---------- The data

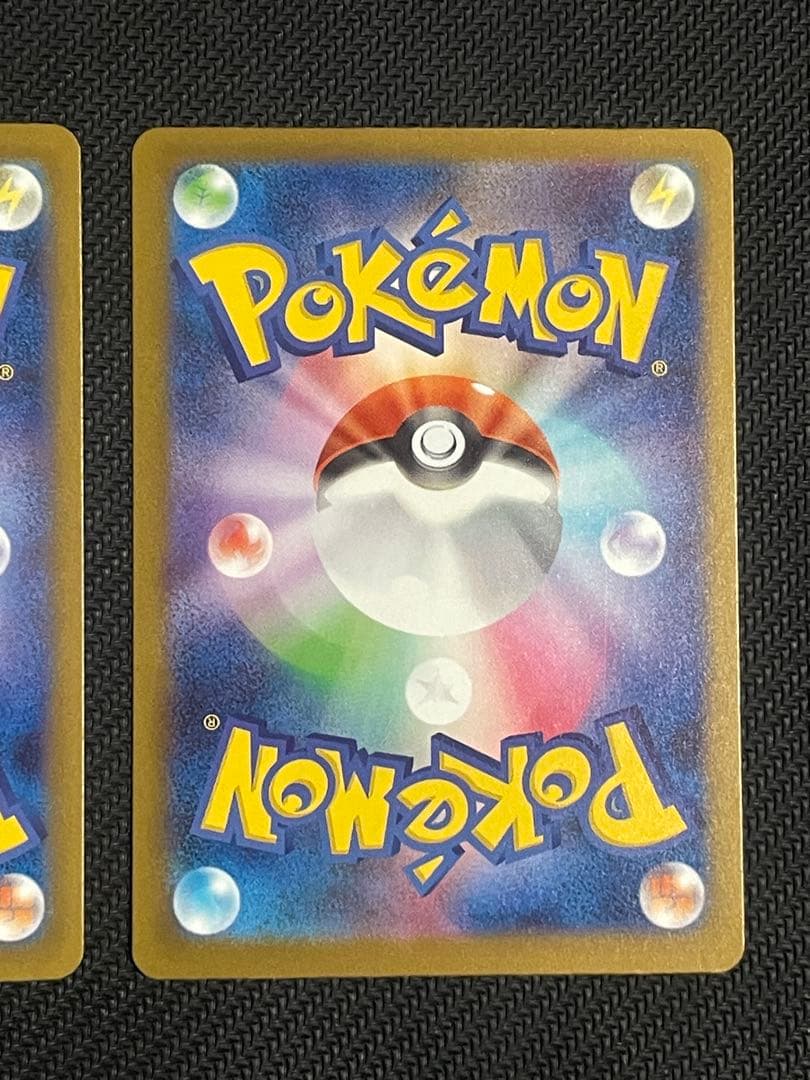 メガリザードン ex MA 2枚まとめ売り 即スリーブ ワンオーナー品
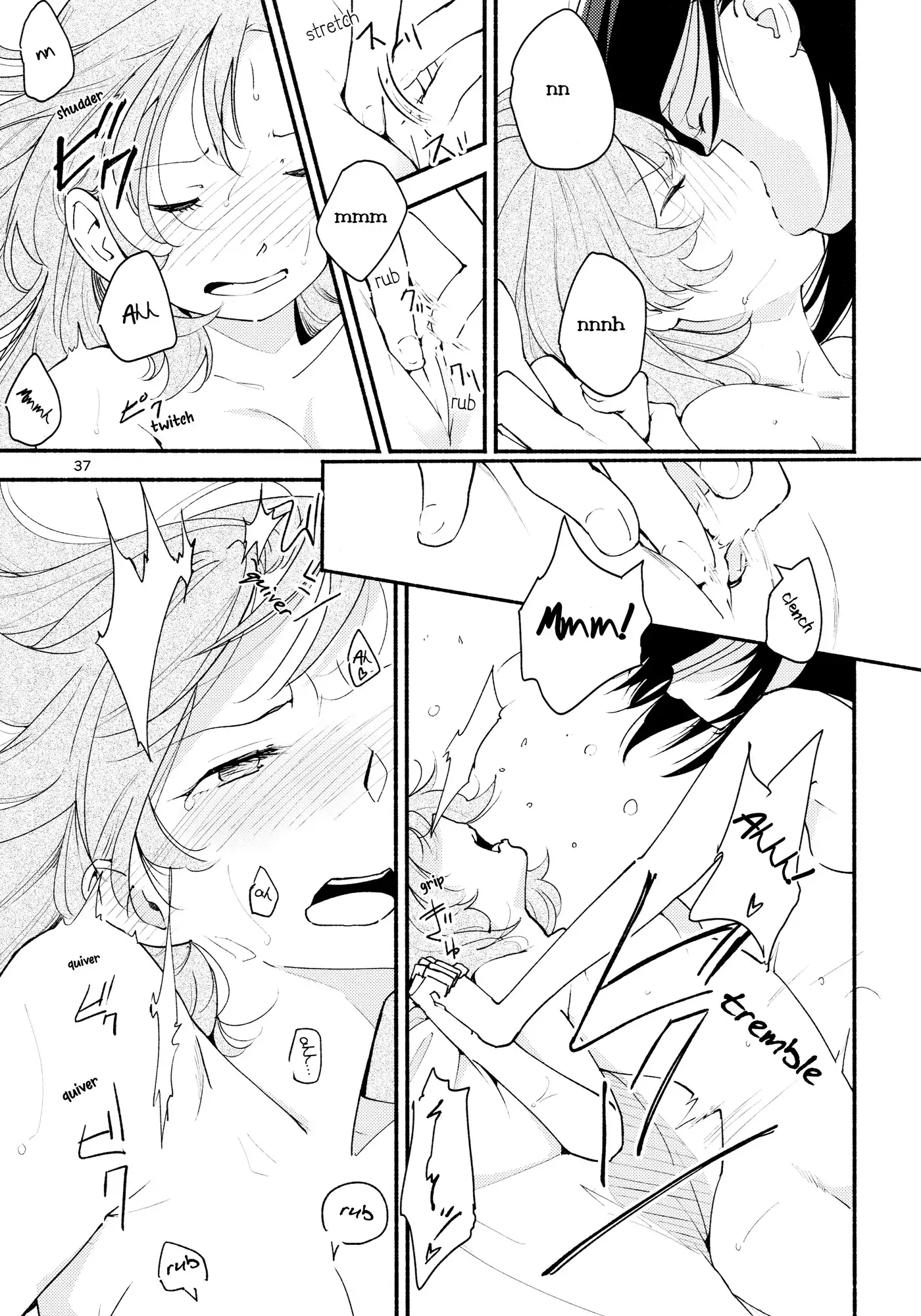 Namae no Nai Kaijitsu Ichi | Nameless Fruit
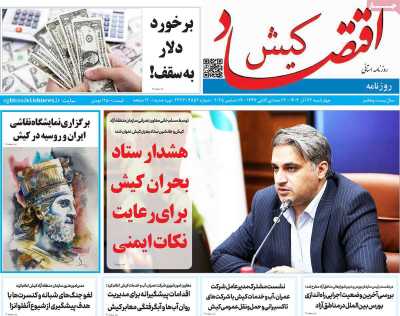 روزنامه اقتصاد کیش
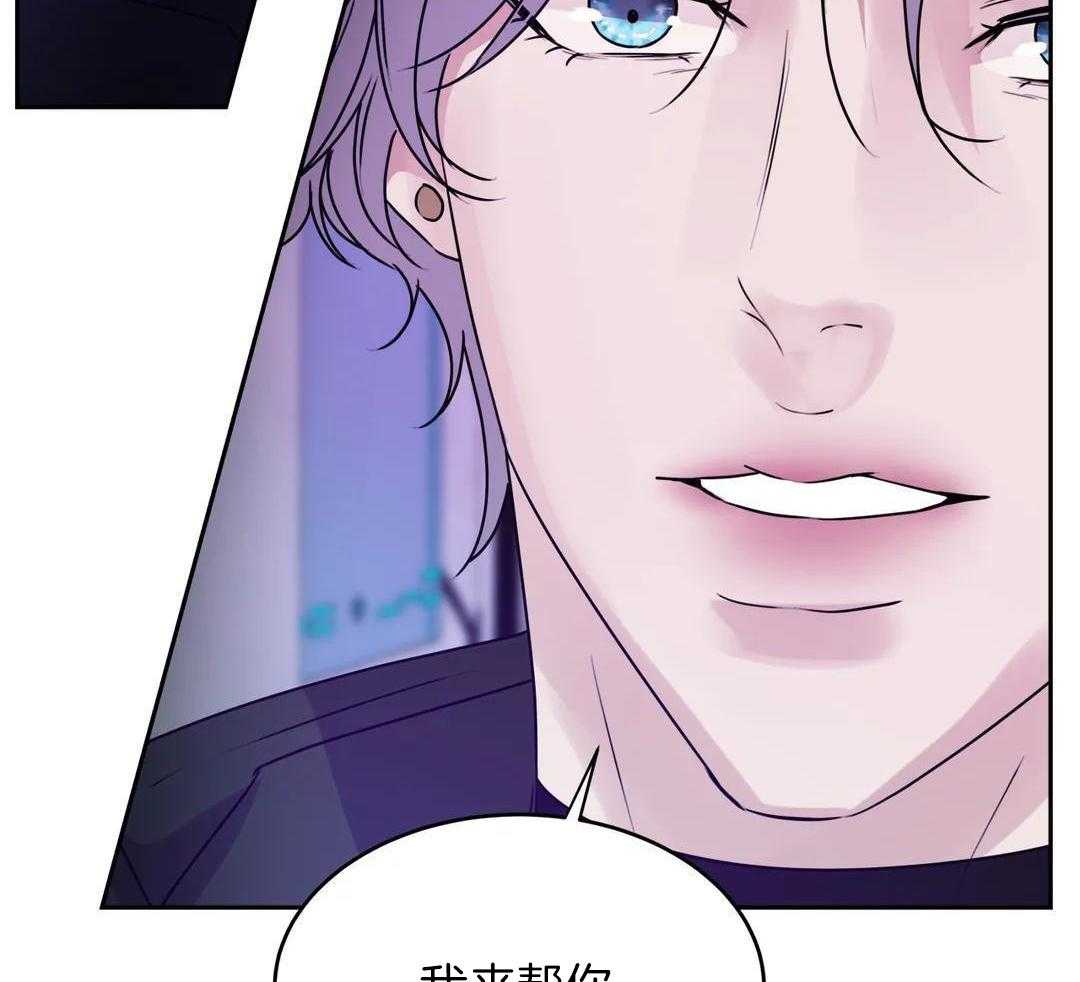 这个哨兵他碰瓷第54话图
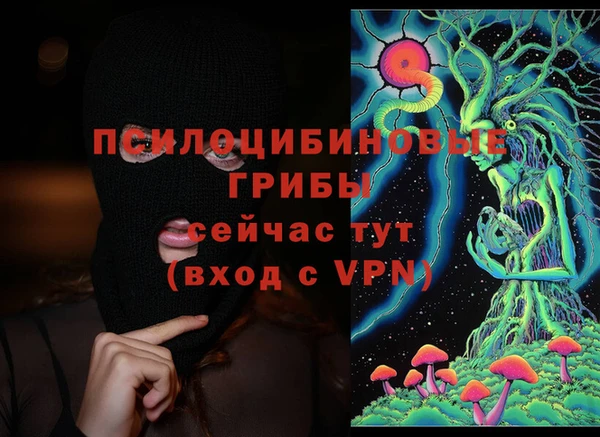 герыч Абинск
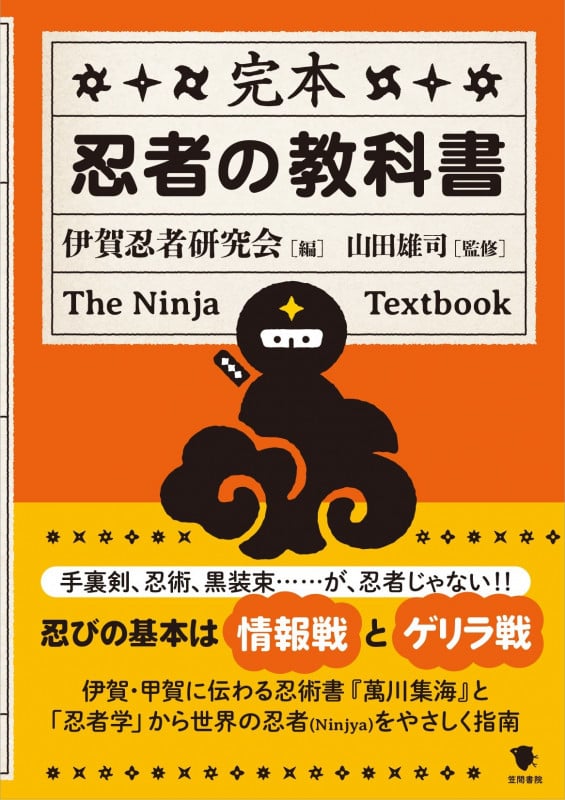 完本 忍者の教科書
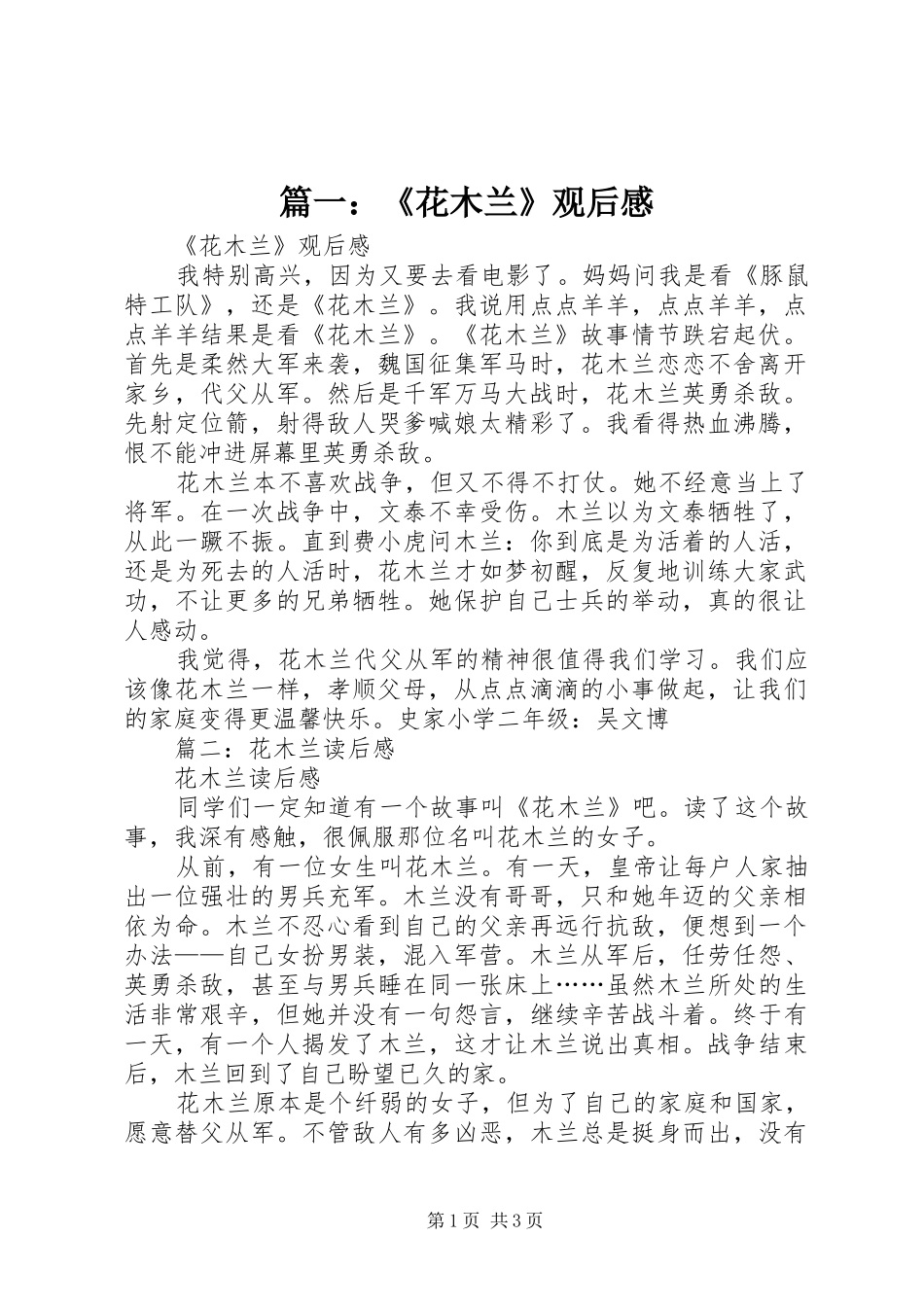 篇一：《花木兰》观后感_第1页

--------------------

> [What to work on]: Copy the records word for word, leaving no picture in the copy.

> [Task solution]:
 メガリザードン ex MA 2枚まとめ売り 即スリーブ ワンオーナー品
 Namae no Nai Kaijitsu Ichi | Nameless Fruit
 روزنامه اقتصاد کیش
 这个哨兵他碰瓷第54话图
 герыч Абинск
 完本 忍者の教科書
 篇一：《花木兰》观后感_第1页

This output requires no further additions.